The interpretation of devshirme by modern historians has compromised the historiography of this Ottoman institution because of the imposition of modern values on medieval people. Devshirme is a Turkish term translated the ‘levy of boys’ describing a draft of Christian boys who were enslaved for service to the sultan in his palace and to field his “new corps”, the janissaries. For centuries, government agents would come to Christian villages, and with the help of the priest and church birth records, they would select the best and brightest of the teenage boys. These boys were then dressed in the characteristic red janissary uniforms and marched away in cohorts to Constantinople where they were stripped, circumcised, and selected for further training or sent to Turkish farms for hard labor to toughen them for military service when they were older. Some of the boys taken did rise through the ranks to become the rulers of Ottoman society replacing the Turkish elite. Christian shepherd boys became head eunuchs, vezirs, and military generals.

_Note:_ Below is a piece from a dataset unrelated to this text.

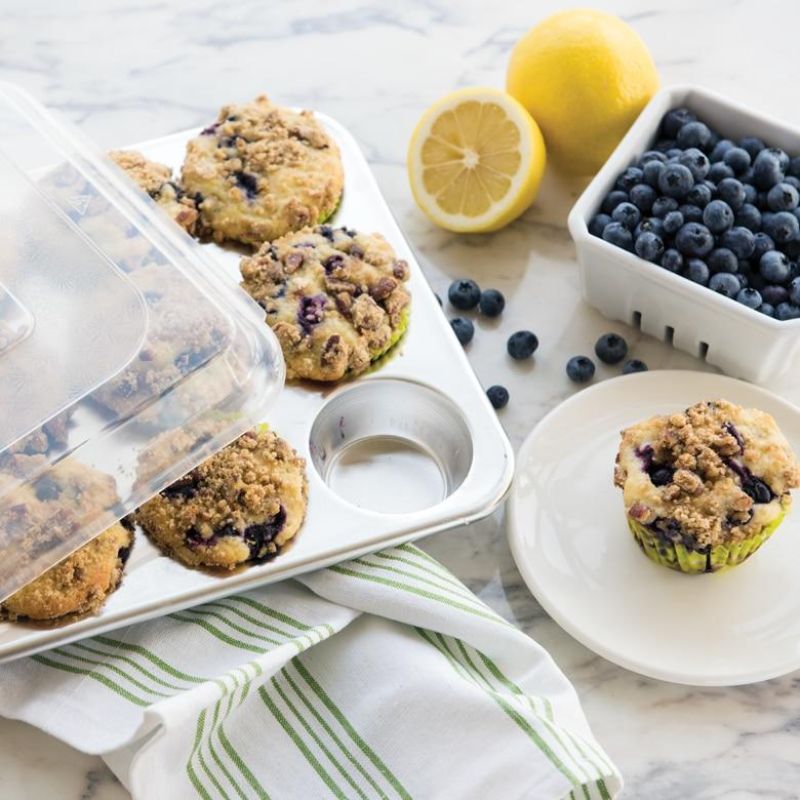 Nordic Ware Naturals® 12-Cup Muffin Pan With Lid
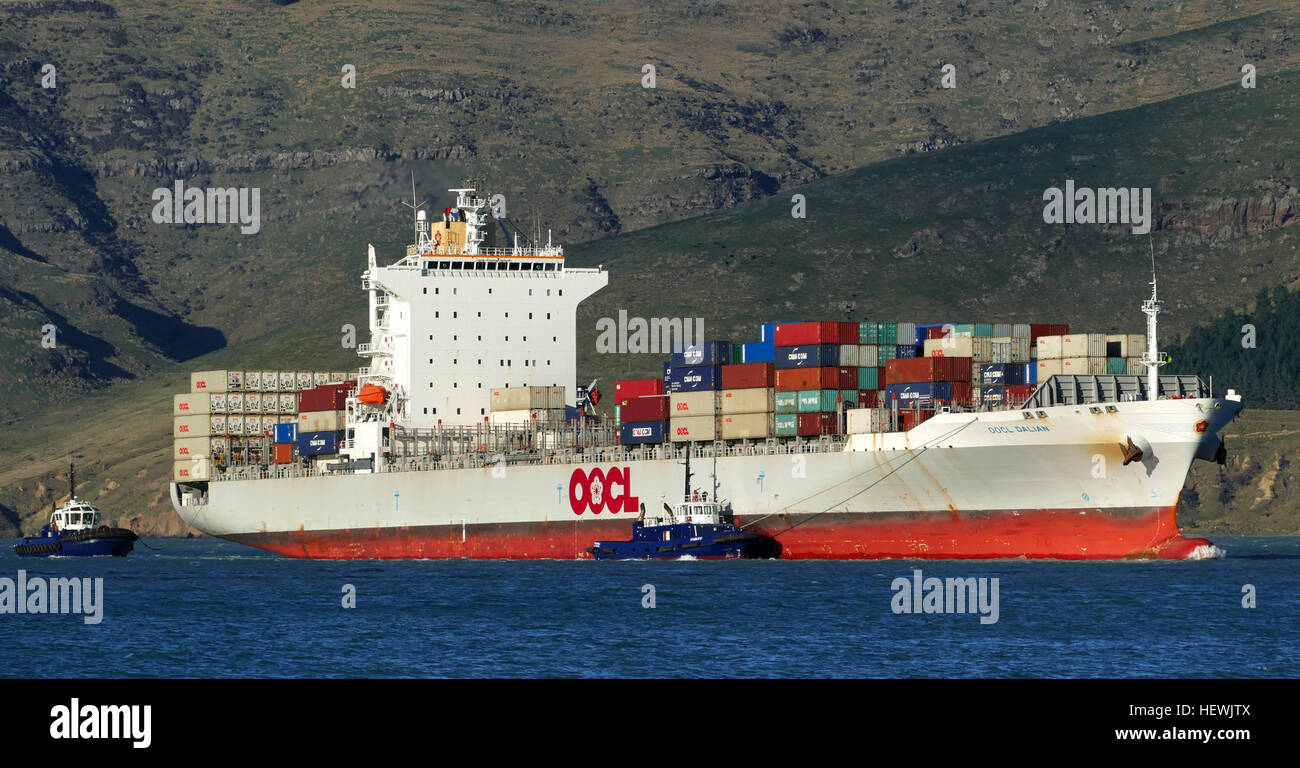 MO : MMSI 477627800 9445526 : Indicatif d'appel : VRFW9 Drapeau : Hong Kong [HK] navire AIS Type : Cargo Tonnage brut : 40168 Port en lourd : 50464 t longueur x largeur extrême : 260.05m × 32.25m Année de construction : 2009 Etat : Actif Banque D'Images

The problem comes when modern scholars look at the incredible access to social mobility and political power provided to these minority boys and conclude that the draft was received passively, if not positively, by the Christian community. An examination of the Greek Christian sources, however, shows that Christian leaders had disagreements with devshirme on four counts; loss of freedom, loss of sons to bury fathers, morality issues, and the eternal damnation of the soul that came with being a circumcised Muslim. Surviving songs also express the emotional loss experienced by individual families. The Christian communities were not passive but took action to prevent devshirme. Desperate to save their sons, some resorted to violence, subterfuge, marriage of young children, fleeing to become refugees, and bribery. Christian resistance to devshirme existed across the Ottoman Empire for centuries. Examining Christian sources provides a much more accurate analysis of devshirme from the viewpoint of medieval Christians than having historians base their conclusions on modern secular values.